**Activity**. The only acceptable reply is the number of lines in the material below that hold "image".

-- Provided data follows --

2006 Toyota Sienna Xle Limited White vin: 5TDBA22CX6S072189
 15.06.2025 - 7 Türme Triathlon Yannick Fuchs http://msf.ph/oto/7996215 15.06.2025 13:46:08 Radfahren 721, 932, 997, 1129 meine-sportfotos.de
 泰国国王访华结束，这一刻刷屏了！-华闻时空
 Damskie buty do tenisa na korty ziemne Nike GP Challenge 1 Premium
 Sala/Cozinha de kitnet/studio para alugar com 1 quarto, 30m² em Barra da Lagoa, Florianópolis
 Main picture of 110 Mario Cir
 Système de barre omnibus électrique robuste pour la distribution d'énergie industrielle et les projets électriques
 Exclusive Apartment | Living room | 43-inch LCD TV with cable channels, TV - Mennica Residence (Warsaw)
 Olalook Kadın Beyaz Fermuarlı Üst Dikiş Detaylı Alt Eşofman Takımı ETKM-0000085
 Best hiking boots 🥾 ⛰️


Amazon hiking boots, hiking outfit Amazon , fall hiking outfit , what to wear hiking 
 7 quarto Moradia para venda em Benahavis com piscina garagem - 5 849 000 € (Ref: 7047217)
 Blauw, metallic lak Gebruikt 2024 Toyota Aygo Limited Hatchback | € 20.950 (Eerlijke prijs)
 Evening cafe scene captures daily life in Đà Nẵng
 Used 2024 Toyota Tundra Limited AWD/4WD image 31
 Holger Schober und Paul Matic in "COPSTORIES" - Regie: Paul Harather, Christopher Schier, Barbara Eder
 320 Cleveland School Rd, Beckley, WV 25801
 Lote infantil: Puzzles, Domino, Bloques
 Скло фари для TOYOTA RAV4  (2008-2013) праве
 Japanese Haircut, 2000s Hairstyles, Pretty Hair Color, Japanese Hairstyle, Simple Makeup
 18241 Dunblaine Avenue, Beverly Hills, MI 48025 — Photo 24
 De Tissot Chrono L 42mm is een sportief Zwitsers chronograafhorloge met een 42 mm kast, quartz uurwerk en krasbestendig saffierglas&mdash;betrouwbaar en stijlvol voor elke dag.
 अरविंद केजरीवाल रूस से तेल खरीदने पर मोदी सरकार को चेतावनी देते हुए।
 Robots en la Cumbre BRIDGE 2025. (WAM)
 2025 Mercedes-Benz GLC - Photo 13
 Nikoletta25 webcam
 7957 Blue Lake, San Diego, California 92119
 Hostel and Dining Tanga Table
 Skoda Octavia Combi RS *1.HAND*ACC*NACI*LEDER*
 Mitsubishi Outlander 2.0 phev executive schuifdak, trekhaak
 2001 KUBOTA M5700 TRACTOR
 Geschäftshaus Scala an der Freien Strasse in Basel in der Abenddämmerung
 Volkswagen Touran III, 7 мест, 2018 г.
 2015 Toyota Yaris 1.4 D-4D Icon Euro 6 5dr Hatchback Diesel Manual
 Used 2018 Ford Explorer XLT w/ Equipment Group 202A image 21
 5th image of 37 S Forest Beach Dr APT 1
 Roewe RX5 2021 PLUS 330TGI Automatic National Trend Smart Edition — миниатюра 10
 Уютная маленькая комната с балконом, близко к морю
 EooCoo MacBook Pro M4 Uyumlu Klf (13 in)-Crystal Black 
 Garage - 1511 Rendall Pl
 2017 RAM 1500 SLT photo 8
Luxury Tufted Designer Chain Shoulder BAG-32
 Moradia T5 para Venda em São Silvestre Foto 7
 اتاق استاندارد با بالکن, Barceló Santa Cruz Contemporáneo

-- Provided data concluded --

**Written response**. 3